▸ **Stored data**

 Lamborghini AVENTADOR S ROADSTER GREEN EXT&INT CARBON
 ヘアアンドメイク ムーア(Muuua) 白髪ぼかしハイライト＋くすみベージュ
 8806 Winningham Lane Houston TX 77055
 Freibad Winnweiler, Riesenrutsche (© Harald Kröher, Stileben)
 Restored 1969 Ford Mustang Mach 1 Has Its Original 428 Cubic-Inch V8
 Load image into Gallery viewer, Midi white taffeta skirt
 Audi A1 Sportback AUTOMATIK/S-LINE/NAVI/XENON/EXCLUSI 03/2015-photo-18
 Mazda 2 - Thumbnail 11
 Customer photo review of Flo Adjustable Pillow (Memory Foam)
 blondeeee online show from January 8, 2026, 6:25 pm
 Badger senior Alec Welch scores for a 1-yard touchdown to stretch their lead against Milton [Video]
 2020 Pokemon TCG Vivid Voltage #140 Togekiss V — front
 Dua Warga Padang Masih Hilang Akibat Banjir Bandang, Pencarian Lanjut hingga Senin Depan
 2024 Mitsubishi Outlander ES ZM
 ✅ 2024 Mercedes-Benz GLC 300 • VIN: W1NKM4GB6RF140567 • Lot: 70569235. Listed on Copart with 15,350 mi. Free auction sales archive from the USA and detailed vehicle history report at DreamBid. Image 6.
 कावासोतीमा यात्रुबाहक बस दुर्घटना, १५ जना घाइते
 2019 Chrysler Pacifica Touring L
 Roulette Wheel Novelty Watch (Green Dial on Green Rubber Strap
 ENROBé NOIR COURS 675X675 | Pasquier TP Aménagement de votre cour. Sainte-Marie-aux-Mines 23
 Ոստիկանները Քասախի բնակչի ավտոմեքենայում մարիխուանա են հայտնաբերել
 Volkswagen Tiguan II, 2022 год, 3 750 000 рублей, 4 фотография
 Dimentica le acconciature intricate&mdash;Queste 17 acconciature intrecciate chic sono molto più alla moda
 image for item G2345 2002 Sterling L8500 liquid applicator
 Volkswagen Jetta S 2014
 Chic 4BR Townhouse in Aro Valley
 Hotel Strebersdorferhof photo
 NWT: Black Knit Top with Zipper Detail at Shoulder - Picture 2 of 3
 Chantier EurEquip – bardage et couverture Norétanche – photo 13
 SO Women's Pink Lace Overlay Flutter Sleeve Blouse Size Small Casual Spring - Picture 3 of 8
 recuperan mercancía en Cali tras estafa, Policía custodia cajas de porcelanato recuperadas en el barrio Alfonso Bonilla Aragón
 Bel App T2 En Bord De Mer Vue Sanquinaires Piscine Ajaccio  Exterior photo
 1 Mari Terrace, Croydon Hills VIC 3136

▸ **Exercise objective**
Start to finish, copy the records above with no differences.

▸ **Written solution**
 Lamborghini AVENTADOR S ROADSTER GREEN EXT&INT CARBON
 ヘアアンドメイク ムーア(Muuua) 白髪ぼかしハイライト＋くすみベージュ
 8806 Winningham Lane Houston TX 77055
 Freibad Winnweiler, Riesenrutsche (© Harald Kröher, Stileben)
 Restored 1969 Ford Mustang Mach 1 Has Its Original 428 Cubic-Inch V8
 Load image into Gallery viewer, Midi white taffeta skirt
 Audi A1 Sportback AUTOMATIK/S-LINE/NAVI/XENON/EXCLUSI 03/2015-photo-18
 Mazda 2 - Thumbnail 11
 Customer photo review of Flo Adjustable Pillow (Memory Foam)
 blondeeee online show from January 8, 2026, 6:25 pm
 Badger senior Alec Welch scores for a 1-yard touchdown to stretch their lead against Milton [Video]
 2020 Pokemon TCG Vivid Voltage #140 Togekiss V — front
 Dua Warga Padang Masih Hilang Akibat Banjir Bandang, Pencarian Lanjut hingga Senin Depan
 2024 Mitsubishi Outlander ES ZM
 ✅ 2024 Mercedes-Benz GLC 300 • VIN: W1NKM4GB6RF140567 • Lot: 70569235. Listed on Copart with 15,350 mi. Free auction sales archive from the USA and detailed vehicle history report at DreamBid. Image 6.
 कावासोतीमा यात्रुबाहक बस दुर्घटना, १५ जना घाइते
 2019 Chrysler Pacifica Touring L
 Roulette Wheel Novelty Watch (Green Dial on Green Rubber Strap
 ENROBé NOIR COURS 675X675 | Pasquier TP Aménagement de votre cour. Sainte-Marie-aux-Mines 23
 Ոստիկանները Քասախի բնակչի ավտոմեքենայում մարիխուանա են հայտնաբերել
 Volkswagen Tiguan II, 2022 год, 3 750 000 рублей, 4 фотография
 Dimentica le acconciature intricate&mdash;Queste 17 acconciature intrecciate chic sono molto più alla moda
 image for item G2345 2002 Sterling L8500 liquid applicator
 Volkswagen Jetta S 2014
 Chic 4BR Townhouse in Aro Valley
 Hotel Strebersdorferhof photo
 NWT: Black Knit Top with Zipper Detail at Shoulder - Picture 2 of 3
 Chantier EurEquip – bardage et couverture Norétanche – photo 13
 SO Women's Pink Lace Overlay Flutter Sleeve Blouse Size Small Casual Spring - Picture 3 of 8
 recuperan mercancía en Cali tras estafa, Policía custodia cajas de porcelanato recuperadas en el barrio Alfonso Bonilla Aragón
 Bel App T2 En Bord De Mer Vue Sanquinaires Piscine Ajaccio  Exterior photo
 1 Mari Terrace, Croydon Hills VIC 3136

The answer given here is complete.